## What needs to be done:
Nothing should be left out. Transcribe the entries exactly as written.

## Materials provided:
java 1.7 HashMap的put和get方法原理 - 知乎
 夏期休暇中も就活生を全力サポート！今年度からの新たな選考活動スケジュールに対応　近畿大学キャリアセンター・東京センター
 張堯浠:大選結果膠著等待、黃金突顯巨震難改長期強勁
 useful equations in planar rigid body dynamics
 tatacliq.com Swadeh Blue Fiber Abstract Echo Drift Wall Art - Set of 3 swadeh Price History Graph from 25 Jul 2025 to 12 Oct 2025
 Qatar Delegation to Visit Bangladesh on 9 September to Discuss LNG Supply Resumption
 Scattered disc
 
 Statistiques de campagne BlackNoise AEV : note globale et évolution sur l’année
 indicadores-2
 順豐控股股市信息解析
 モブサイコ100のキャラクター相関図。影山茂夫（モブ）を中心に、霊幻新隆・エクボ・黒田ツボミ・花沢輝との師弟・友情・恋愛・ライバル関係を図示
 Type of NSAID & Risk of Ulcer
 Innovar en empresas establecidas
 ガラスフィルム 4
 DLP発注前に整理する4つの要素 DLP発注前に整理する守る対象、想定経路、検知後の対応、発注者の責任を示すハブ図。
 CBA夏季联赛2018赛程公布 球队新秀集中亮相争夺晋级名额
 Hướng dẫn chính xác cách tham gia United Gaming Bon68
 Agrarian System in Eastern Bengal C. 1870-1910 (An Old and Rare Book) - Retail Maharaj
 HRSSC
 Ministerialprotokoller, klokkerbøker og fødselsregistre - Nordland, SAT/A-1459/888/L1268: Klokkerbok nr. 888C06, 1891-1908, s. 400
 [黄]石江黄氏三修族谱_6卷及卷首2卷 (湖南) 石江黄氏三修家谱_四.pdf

## Your solution:
java 1.7 HashMap的put和get方法原理 - 知乎
 夏期休暇中も就活生を全力サポート！今年度からの新たな選考活動スケジュールに対応　近畿大学キャリアセンター・東京センター
 張堯浠:大選結果膠著等待、黃金突顯巨震難改長期強勁
 useful equations in planar rigid body dynamics
 tatacliq.com Swadeh Blue Fiber Abstract Echo Drift Wall Art - Set of 3 swadeh Price History Graph from 25 Jul 2025 to 12 Oct 2025
 Qatar Delegation to Visit Bangladesh on 9 September to Discuss LNG Supply Resumption
 Scattered disc
 
 Statistiques de campagne BlackNoise AEV : note globale et évolution sur l’année
 indicadores-2
 順豐控股股市信息解析
 モブサイコ100のキャラクター相関図。影山茂夫（モブ）を中心に、霊幻新隆・エクボ・黒田ツボミ・花沢輝との師弟・友情・恋愛・ライバル関係を図示
 Type of NSAID & Risk of Ulcer
 Innovar en empresas establecidas
 ガラスフィルム 4
 DLP発注前に整理する4つの要素 DLP発注前に整理する守る対象、想定経路、検知後の対応、発注者の責任を示すハブ図。
 CBA夏季联赛2018赛程公布 球队新秀集中亮相争夺晋级名额
 Hướng dẫn chính xác cách tham gia United Gaming Bon68
 Agrarian System in Eastern Bengal C. 1870-1910 (An Old and Rare Book) - Retail Maharaj
 HRSSC
 Ministerialprotokoller, klokkerbøker og fødselsregistre - Nordland, SAT/A-1459/888/L1268: Klokkerbok nr. 888C06, 1891-1908, s. 400
 [黄]石江黄氏三修族谱_6卷及卷首2卷 (湖南) 石江黄氏三修家谱_四.pdf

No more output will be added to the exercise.